_Input for this task_
■ ■ ■
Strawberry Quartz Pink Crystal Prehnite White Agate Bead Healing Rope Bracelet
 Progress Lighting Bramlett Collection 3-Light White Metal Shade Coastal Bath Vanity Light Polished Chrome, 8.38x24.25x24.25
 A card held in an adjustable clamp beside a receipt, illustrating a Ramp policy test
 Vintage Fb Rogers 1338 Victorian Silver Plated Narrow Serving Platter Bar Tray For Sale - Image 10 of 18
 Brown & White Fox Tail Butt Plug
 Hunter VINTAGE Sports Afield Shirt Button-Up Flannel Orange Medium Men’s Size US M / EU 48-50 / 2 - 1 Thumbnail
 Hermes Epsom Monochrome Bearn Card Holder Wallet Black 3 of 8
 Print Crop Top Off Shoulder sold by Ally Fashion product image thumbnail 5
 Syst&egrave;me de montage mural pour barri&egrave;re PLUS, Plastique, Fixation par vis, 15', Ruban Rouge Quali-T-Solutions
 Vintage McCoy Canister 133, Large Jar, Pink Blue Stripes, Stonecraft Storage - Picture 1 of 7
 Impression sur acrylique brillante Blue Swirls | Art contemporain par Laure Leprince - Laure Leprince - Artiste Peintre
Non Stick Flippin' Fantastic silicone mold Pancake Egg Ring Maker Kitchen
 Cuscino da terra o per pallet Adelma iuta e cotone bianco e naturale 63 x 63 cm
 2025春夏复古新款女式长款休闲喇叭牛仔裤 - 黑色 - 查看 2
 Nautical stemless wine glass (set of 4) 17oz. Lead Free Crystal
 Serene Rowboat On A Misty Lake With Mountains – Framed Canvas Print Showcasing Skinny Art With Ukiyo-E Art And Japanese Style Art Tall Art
■ ■ ■
_Requirement_
What is needed is a verbatim copy of every line in the records above from the one containing "Progress Lighting Bramlett" down to the one containing "A card held", both included, and nothing more.

_Response to the exercise_
 Progress Lighting Bramlett Collection 3-Light White Metal Shade Coastal Bath Vanity Light Polished Chrome, 8.38x24.25x24.25
 A card held in an adjustable clamp beside a receipt, illustrating a Ramp policy test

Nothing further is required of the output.